• **What is needed**:
Return each entry word for word and skip its pictures.

• **Material provided**:
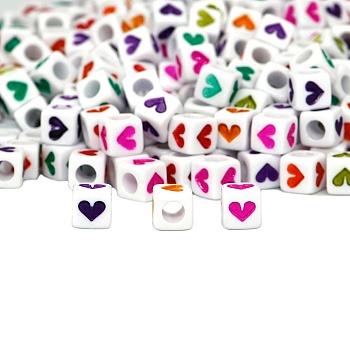 White Opaque Acrylic Beads, Cube with Mixed Color Heart Pattern, 7x7mm, Hole: 4mm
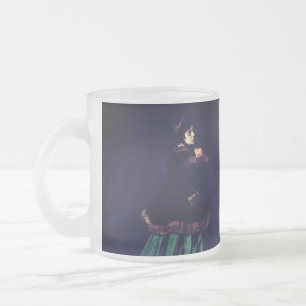 Taza De Cristal Esmerilado Mujer Monet con vestido verde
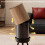 High Legged Waste Bin Plastic Wood Grains Trash Can-With cover 7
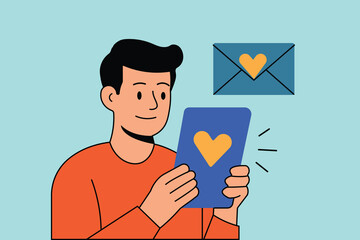 Sending and receiving love through technology, showcasing the convenience and happiness of digital communication in relationships.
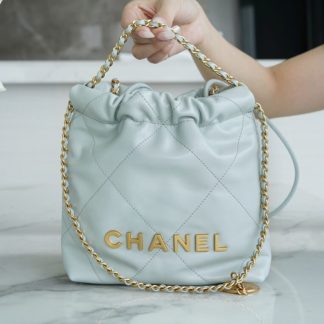 REPLICA CHANEL 22 MINI HANDBAG CALFSKIN LIGHT BLUE 2025 #4041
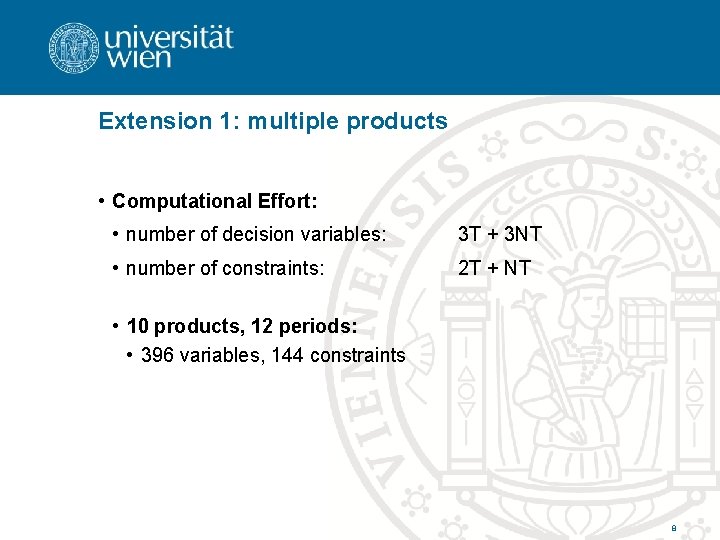 Extension 1: multiple products • Computational Effort: • number of decision variables: 3 T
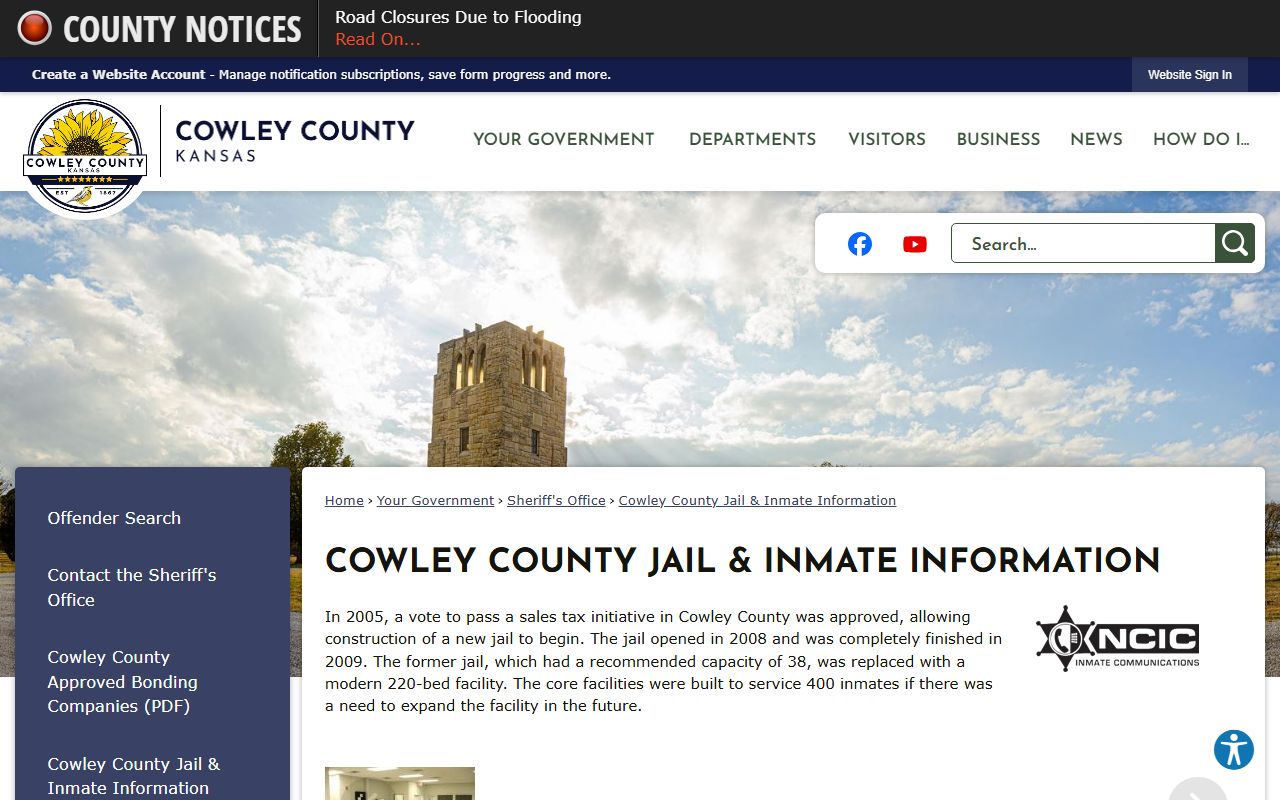 Cowley County inmate search and jail information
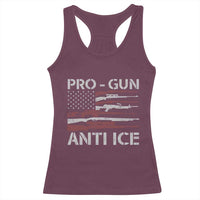 Pro Gun Anti Ice Racerback Tank Top Vintage American Flag 2nd Amendment Support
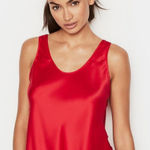 Victoria's Secret NWOT Victoria’s Secret Red Satin Bow-Back Tank Shirt Sleep Top Sz M Photo 0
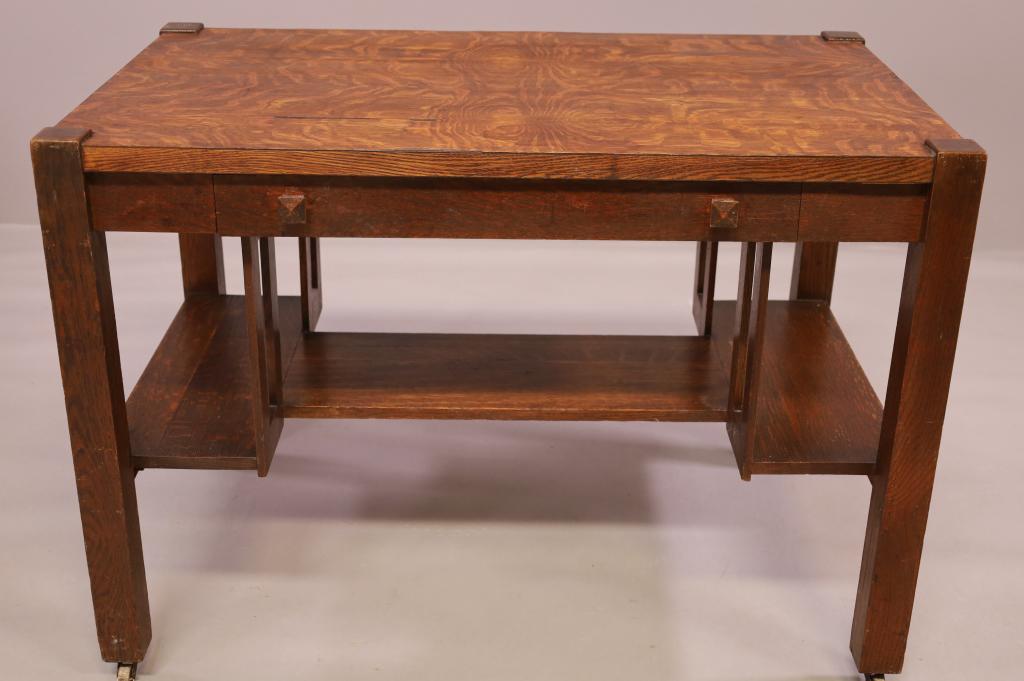 ARTS & CRAFTS OAK LIBRARY TABLE (1 of 5)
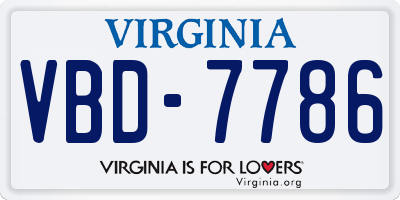 VA license plate VBD7786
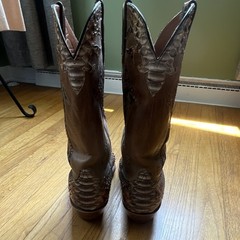 Black Jack Python Snakeskin Leather Western Cowboy Boots Men’s 8.5D Brown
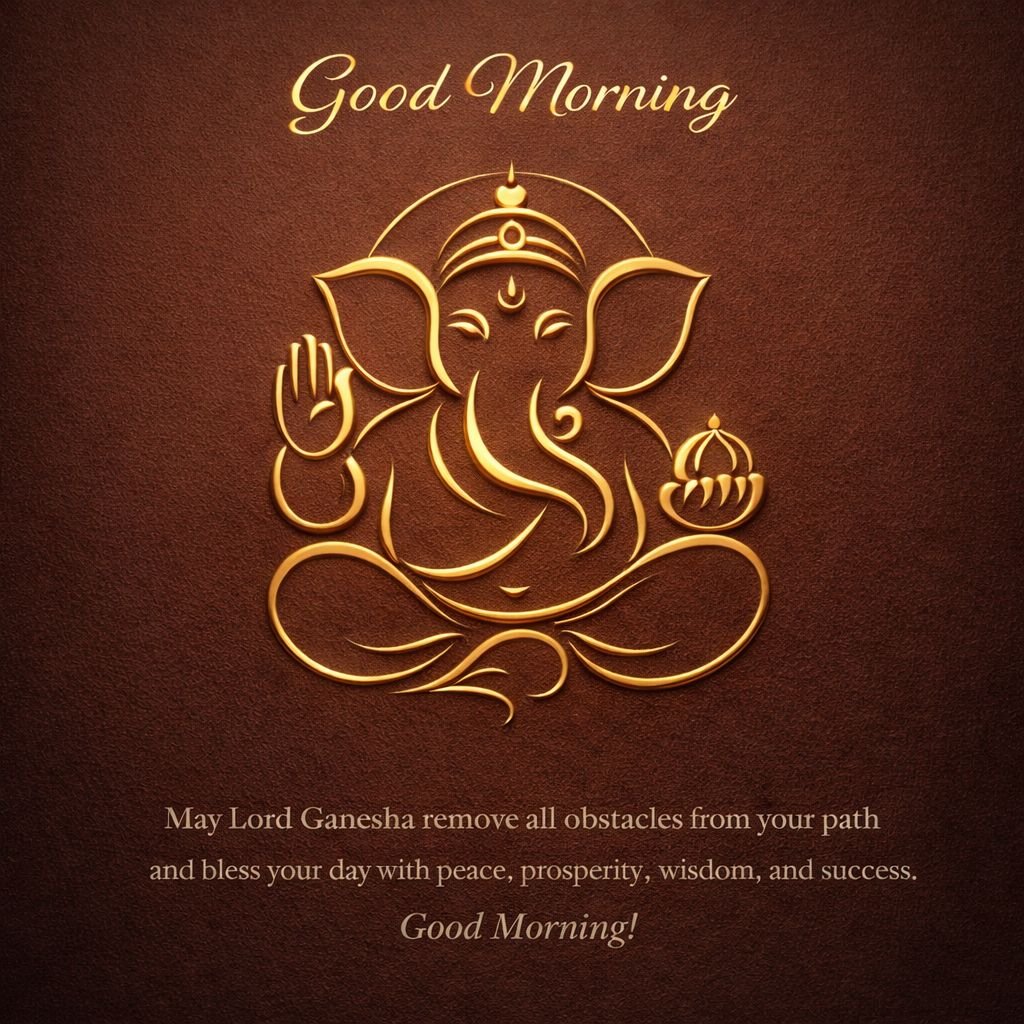 good morning lord ganesha gold line art blessings image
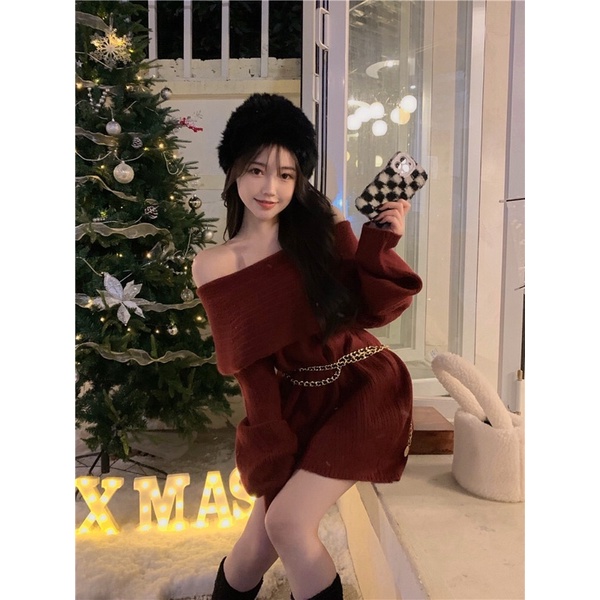 TKLIHN Áo váy len Trễ vai Sang Chảnh ULZZANG Hàn Quốc FASHIONITA 2021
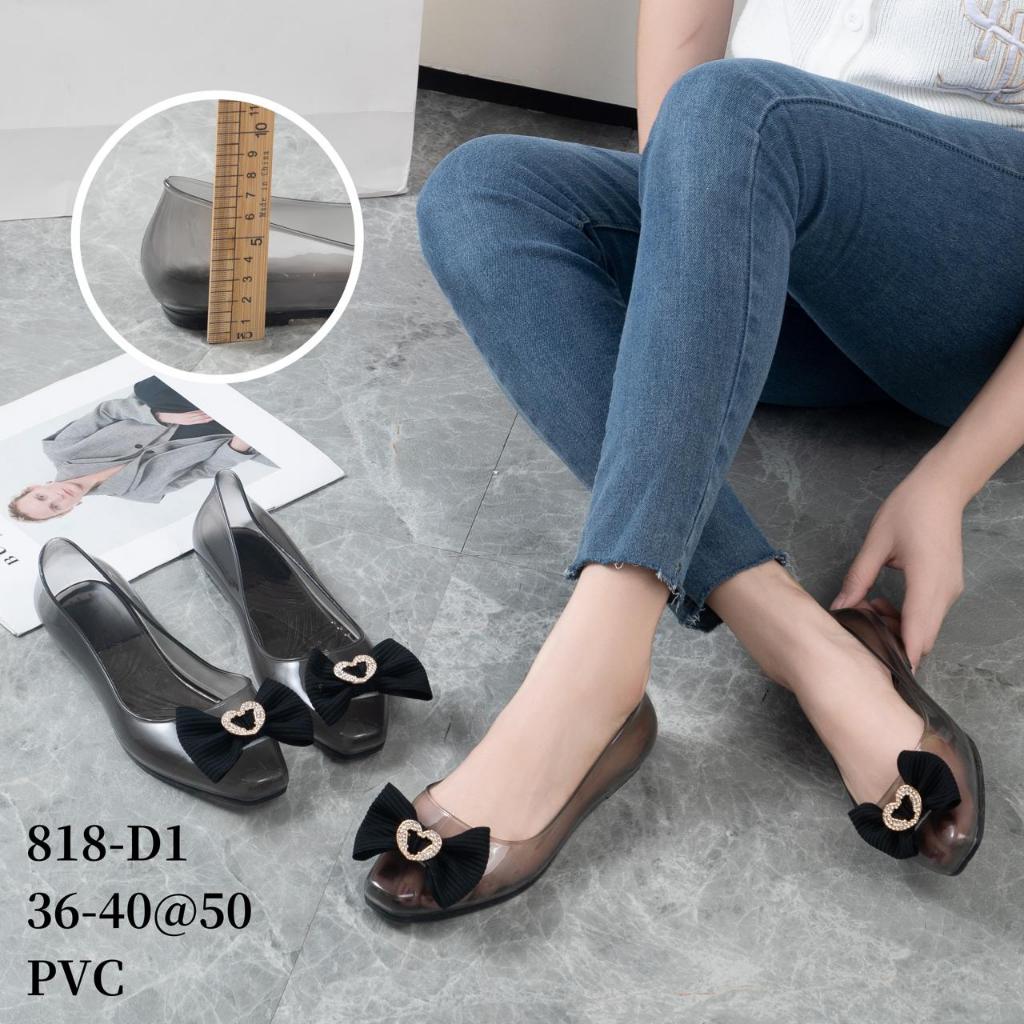 Sepatu Kaca Jelly Wanita Flatshoes Jelly Pita 818-D1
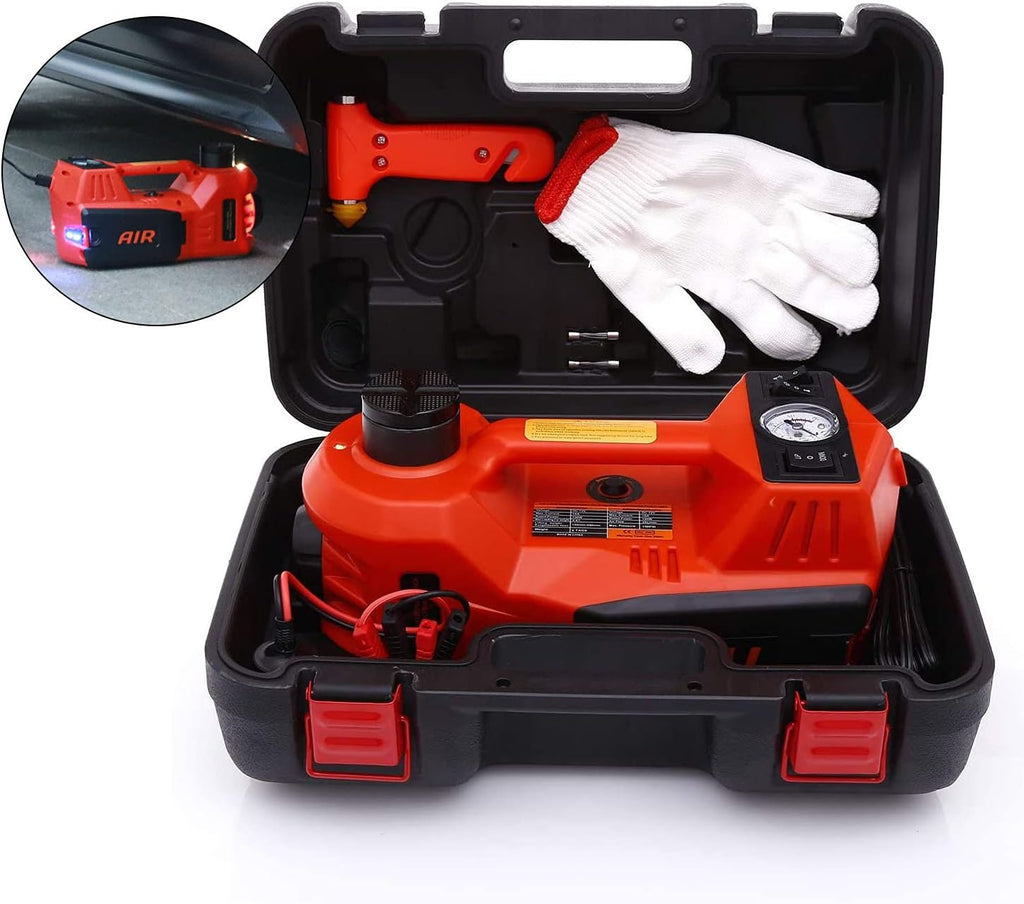 5 Ton Electric Hydraulic Car Jack Kit with Tire Pump X4357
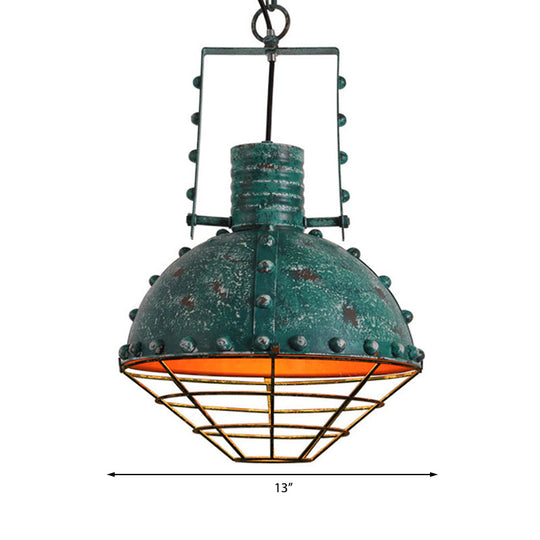 Metal Ceiling Hanging Light: Rustic Wrought Iron Pendant Lamp with Wire Guard and Rivets in Black/Green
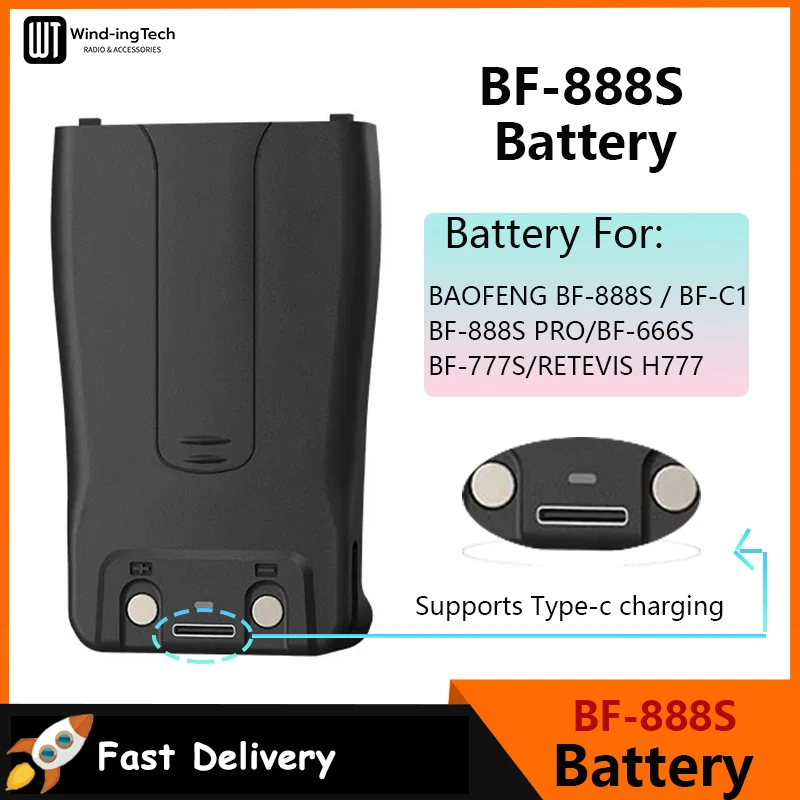 BF-888S Battery Type-C Charging BL-1 BF-777S Battery BF-C1 Compatible with H777 BF-666S 888Spro Radio Walkie Talkie Accessories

• **Response to the task**:
 White Opaque Acrylic Beads, Cube with Mixed Color Heart Pattern, 7x7mm, Hole: 4mm
 Taza De Cristal Esmerilado Mujer Monet con vestido verde
 High Legged Waste Bin Plastic Wood Grains Trash Can-With cover 7
 Sending and receiving love through technology, showcasing the convenience and happiness of digital communication in relationships.
 REPLICA CHANEL 22 MINI HANDBAG CALFSKIN LIGHT BLUE 2025 #4041
 Extension 1: multiple products • Computational Effort: • number of decision variables: 3 T
 Cowley County inmate search and jail information
 Pro Gun Anti Ice Racerback Tank Top Vintage American Flag 2nd Amendment Support
 Victoria's Secret NWOT Victoria’s Secret Red Satin Bow-Back Tank Shirt Sleep Top Sz M Photo 0
 ARTS & CRAFTS OAK LIBRARY TABLE (1 of 5)
 VA license plate VBD7786
 Black Jack Python Snakeskin Leather Western Cowboy Boots Men’s 8.5D Brown
 good morning lord ganesha gold line art blessings image
 TKLIHN Áo váy len Trễ vai Sang Chảnh ULZZANG Hàn Quốc FASHIONITA 2021
 Sepatu Kaca Jelly Wanita Flatshoes Jelly Pita 818-D1
 5 Ton Electric Hydraulic Car Jack Kit with Tire Pump X4357
 Metal Ceiling Hanging Light: Rustic Wrought Iron Pendant Lamp with Wire Guard and Rivets in Black/Green
 BF-888S Battery Type-C Charging BL-1 BF-777S Battery BF-C1 Compatible with H777 BF-666S 888Spro Radio Walkie Talkie Accessories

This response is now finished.